ALICE logo

The ALICE Experiment

Staff: Lee Barnby, David Evans, Peter Jones, Anton Jusko, Marian Krivda, Roman Lietava, Orlando Villalobos-Baillie.
Students: Arvinder Palaha, Plamen Petrov, Patrick Scott, Luke Hanratty, Graham Lee.

The ALICE experiment is studying relativistic heavy ion interactions at CERN in Geneva. We are the only UK group working in this exciting, and relatively new, area of particle physics although there are over two thousand physicists world-wide involved in it.

ALICE detector

The ALICE detector

The ALICE collaboration has built a dedicated heavy-ion detector to exploit the unique physics potential of nucleus-nucleus interactions at LHC energies. Our aim is to study the physics of strongly interacting matter at extreme densities where the formation of a new phase of matter, the quark-gluon plasma, is expected. The existence of such a phase of matter and the study of its properties are crucial for understanding QCD and in particular chiral symmetry restoration.
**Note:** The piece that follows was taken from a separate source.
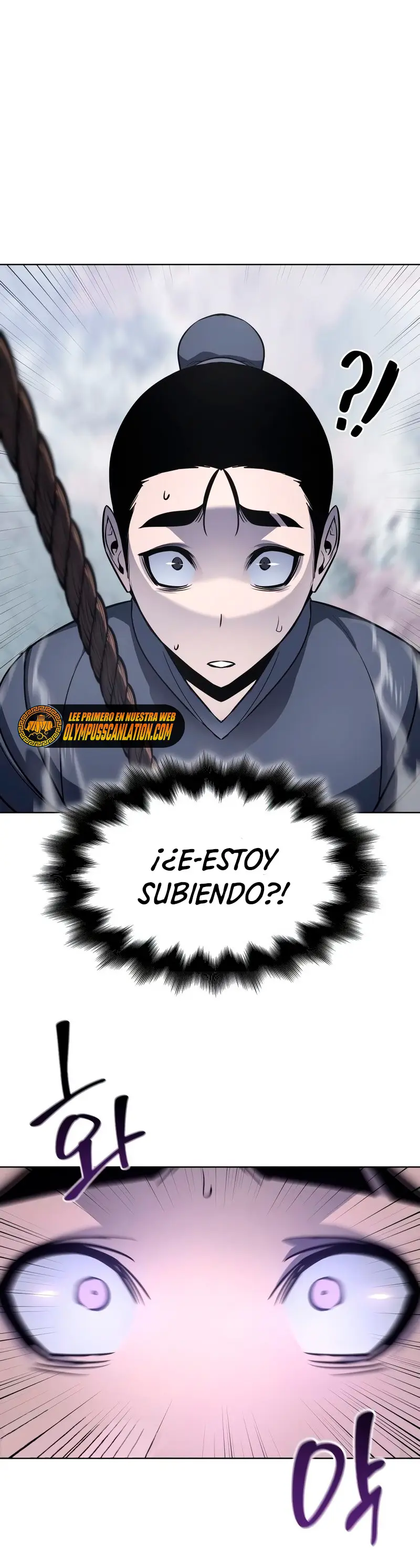 Reencarne Como El Heredero Loco capítulo 49 página 13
For this we propose to perform a comprehensive study of hadrons, electrons, muons and photons in the collisions of heavy ion nuclei.

The main challenge of heavy-ion experiments is recording the enormous number of particles which emerge from the collisions. At the LHC, a staggering 50,000 particles may be produced in a single heavy ion collision. A large fraction of these must be tracked and identified. Only then can a clear picture emerge and key signals be found pointing to different stages in the evolution from ordinary matter to a Quark-Gluon Plasma and back again.
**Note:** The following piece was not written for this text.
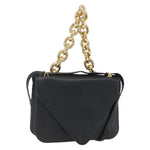 Bottega Veneta Mount Shoulder Bag Leather Small - image 19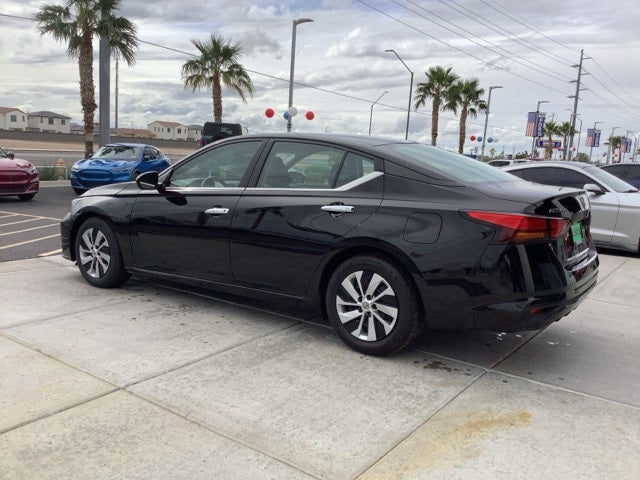 2023 Nissan Altima 2.5 S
Of course, in order to record these events one crucial element is the trigger electronics which allows the selection of about 100 of the most interesting central events from the 10,000 interactions per second. The Birmingham group designed, built and commissioned the entire trigger system for the ALICE detector and is responsible for its maintenance and running. The Birmingham group are also heavily involved in Monte Carlo physics simulations for ALICE and are playing a leading role in preparations for the first physics results from the LHC in December 2009 and early 2010.